During a lengthy finance committee hearing yesterday, Northampton County council members were supposed to hear details of a $30 million bond for a new parking deck, among other things. But county exec John Stoffa, at the last minute, pulled that item. He told council members there's a more pressing problem - the prison.
Northampton County's prison, built in 1871, has "outlived its usefulness," according to consultants from Highland Associates. It's a "problem waiting to happen." Six unpleasant and expensive options were presented for bigger prisoner warehouse, one that can pack in around 1,488 inmates. The county could simply abandon the site and start out fresh somewhere else. $130 to 136 million. Cha ching! It could rip down the old prison and build a seven story monstrosity that Eastonians are sure to love. $128 to $132 million. Cha ching. And, of course, it could split operations up and still spend gobs of money.
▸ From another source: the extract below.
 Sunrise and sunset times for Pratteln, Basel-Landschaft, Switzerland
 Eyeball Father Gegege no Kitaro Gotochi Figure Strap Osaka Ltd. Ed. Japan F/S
As consultants laid out the proposals, exasperated Finance Chair Ron Angle questioned where we could build a new prison or even have a split operation. "The reality here is, who the hell wants a new prison?"
To make matter worse, John Stoffa informed Angle's committee that once a new judge is legislated, the brand new courthouse will be full.
Stoffa suggested that all administration offices should be concentrated at Gracedale, which is the geographical center of the county. The Bechtel and Governor Wolf buildings would be sold and the vacated government center would be left for the courts. That would leave more room for both the judges and the people they send to jail. It might even eliminate the need for a $30 million parking lot. It might even reduce the cost of a proposed prison expansion.
Whether Stoffa is right or wrong, it's clear the county is suffering from a lack of long-range planning. In 2001, when the first prison expansion was proposed, everyone knew it would be full the moment it was built. It was a $29 million band aid.
Instead of planning how to embarrass Stoffa, council members should help him plan the county's long range needs.
It's called governing. What they've been doing is called politics.